If there is a packet storm in vlan 29, the server will see that traffic and will be effected also.
Other than that you are solid.
04-01-2011 11:59 AM
Bradley, thank you for your reply. I am not as concerned at the server level because most vlans will not be configured so they should be dropped, correct? I guess my big concern would be at the switching level and affecting the entire switch fabric campus wide. I just don't know if this would be a problem or not.
04-01-2011 12:23 PM
Bradley, thank you for your reply. I am not as concerned at the server level because most vlans will not be configured so they should be dropped, correct?
*** You are correct. That is what the server SHOULD do. ****
I guess my big concern would be at the switching level and affecting the entire switch fabric campus wide.

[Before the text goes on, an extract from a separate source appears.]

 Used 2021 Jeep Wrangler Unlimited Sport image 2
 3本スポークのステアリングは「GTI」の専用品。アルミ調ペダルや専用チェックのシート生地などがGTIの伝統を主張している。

*** Nope. You are solid. As long as the server throws away the packets with the unknown vlan IDs.****
I just don't know if this would be a problem or not.
**** only if the server does not drop the unknown vlan IDs. I have seen servers bridge between vlans, try to process the unknown packets and etc.... *****
Try this. Plug your pc into a trunk port on the switch. Your pc will then be in the native vlan. Everything will work fine.
04-01-2011 12:41 PM
Bradley, thank you again for your assistance!
04-01-2011 01:05 PM
What would happen if I get close to maxing out my spanning-tree sessions on our
3750's with all these vlan's or is that not a serious concern with 40-50 vlan floating around?
04-01-2011 01:14 PM
If you are at the limit. That is going to be a problem. The remain vlans will be created but, without an instance of spanning tree! Hence, if you have dual uplinks there is nothing to block the vlans.